This module handles dynamic allocation and free of memory.

The largest defect is that Tcl_Alloc takes an unsigned int argument for the number of bytes to allocate, limiting the allocation size to 4 Gib. An allocator without such a low limitation must be part of Tcl 9.

A surprising feature for many is that Tcl_Alloc panics on an allocation failure. The alternative Tcl_AttemptAlloc exists for those who wish to choose it, but much of Tcl rests on foundations that will be ripped away in any out-of-memory situation.

Many coders behave as if the performance of these memory allocators is a burden to be avoided. The pooling system for Tcl_Obj, and the whole TclStack* scheme of stack-patterned allocation are indications that significant lengths are gone to in order to avoid calls to Tcl_Alloc. An allocation system that behaved acceptably well in the first place might lead to a great deal of code simplification.

As it currently exists, this is not so much a module as it is a collection of alternative modules. There are at least 3 allocation systems here, and each one may be overlaid with memory debugging facilities. The combination you get in Tcl_Alloc is controlled by a set of compiler directives at the time the Tcl_Alloc is compiled. This leads to a significant problem that not all configurations are mutually compatible. This means it's not all that hard to get into a situation where extensions and applications are functionally incompatible because they've been compiled with different directives. This is often described as "memdebug extensions only work in memdebug interps", but the problem may well be more far-reaching than that.

It's a bit of an inelegance that the forms of the routines that support re-configuration into memory debugging forms are the *ck* so that code using the Tcl library is encouraged to call ckalloc rather than Tcl_Alloc.

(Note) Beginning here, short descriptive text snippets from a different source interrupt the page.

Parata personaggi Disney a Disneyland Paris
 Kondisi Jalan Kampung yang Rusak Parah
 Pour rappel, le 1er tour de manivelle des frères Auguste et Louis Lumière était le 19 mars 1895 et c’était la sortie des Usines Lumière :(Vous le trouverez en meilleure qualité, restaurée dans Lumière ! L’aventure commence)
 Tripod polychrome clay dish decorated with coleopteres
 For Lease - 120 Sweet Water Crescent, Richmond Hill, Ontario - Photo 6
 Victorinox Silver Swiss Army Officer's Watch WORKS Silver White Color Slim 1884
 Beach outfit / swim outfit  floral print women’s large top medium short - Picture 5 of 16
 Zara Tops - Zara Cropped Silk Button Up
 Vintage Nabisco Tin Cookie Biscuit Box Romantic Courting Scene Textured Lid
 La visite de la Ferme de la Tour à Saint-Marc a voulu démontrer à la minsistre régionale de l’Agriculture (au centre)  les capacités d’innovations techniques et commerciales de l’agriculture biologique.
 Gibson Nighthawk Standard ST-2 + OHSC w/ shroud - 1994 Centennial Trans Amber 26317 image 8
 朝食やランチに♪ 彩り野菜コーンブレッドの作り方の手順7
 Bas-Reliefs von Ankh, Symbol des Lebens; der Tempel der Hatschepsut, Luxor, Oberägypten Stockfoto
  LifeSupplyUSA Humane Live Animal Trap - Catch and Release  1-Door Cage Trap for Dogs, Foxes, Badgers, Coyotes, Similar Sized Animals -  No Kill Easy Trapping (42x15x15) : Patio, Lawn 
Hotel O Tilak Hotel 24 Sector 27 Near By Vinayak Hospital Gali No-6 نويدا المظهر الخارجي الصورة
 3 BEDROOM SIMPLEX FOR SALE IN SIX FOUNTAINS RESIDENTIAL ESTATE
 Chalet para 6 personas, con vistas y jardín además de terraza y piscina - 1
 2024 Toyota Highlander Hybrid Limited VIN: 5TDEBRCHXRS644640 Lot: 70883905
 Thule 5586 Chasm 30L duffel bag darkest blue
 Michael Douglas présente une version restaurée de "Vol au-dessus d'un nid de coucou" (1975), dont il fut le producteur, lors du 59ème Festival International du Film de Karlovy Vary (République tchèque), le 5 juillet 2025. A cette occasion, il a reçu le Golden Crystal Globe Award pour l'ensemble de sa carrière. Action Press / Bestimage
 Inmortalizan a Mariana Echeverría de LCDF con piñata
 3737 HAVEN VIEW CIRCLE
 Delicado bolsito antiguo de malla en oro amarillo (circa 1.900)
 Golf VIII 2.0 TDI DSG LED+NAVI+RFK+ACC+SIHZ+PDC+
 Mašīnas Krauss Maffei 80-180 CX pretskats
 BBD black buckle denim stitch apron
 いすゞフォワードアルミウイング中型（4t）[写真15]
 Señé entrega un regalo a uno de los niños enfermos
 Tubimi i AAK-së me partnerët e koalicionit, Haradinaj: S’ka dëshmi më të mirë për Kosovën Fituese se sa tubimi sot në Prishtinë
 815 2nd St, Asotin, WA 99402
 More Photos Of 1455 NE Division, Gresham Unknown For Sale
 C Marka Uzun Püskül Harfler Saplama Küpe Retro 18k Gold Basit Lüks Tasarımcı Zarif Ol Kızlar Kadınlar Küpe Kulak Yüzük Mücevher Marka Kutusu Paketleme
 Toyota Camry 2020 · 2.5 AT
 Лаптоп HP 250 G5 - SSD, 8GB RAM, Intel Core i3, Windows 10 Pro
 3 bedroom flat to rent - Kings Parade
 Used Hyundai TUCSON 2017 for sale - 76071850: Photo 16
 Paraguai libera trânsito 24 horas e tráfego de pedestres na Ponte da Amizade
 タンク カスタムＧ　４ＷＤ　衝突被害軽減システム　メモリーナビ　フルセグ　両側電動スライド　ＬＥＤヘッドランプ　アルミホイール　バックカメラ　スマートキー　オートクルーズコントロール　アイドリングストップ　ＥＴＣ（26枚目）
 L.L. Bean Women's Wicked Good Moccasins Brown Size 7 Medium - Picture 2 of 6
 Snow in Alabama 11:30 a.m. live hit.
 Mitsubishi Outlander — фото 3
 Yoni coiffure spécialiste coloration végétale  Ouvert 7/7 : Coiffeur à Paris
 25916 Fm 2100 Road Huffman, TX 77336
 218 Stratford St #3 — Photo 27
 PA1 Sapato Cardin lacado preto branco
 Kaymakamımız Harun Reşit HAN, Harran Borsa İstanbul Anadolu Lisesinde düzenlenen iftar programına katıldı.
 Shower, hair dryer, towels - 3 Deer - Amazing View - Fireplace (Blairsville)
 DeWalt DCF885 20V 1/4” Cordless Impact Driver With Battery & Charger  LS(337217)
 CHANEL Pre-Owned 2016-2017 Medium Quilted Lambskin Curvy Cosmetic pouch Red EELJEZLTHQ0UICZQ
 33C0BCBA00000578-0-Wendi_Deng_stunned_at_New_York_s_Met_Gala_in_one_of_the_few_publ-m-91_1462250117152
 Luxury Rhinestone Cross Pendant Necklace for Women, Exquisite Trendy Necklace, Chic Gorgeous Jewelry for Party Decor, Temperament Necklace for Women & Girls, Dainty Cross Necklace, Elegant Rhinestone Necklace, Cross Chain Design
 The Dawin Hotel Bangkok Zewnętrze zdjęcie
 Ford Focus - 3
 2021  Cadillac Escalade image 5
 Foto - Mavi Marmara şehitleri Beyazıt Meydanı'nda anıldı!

At least some parts of Tcl's memory management exhibit a high water mark behavior where freed memory is not actually released to the system, but retained by libtcl for later re-allocation. This is a poor fit for those programs that have very large, but very temporary memory demands. It's not clear to me whether that (mis-)behavior originates in this module, but a later wiki editor can revise this into a more definitive statement.

Some branches exploring reforms in this module include

The dependency data above indicates a dependency on many other modules, but that is due to the debugging layer. Separating this module into two parts, one for debugging, the other just for the fundamental operations, the latter depends only on Tcl_Panic and Threads and the system routines for memory management.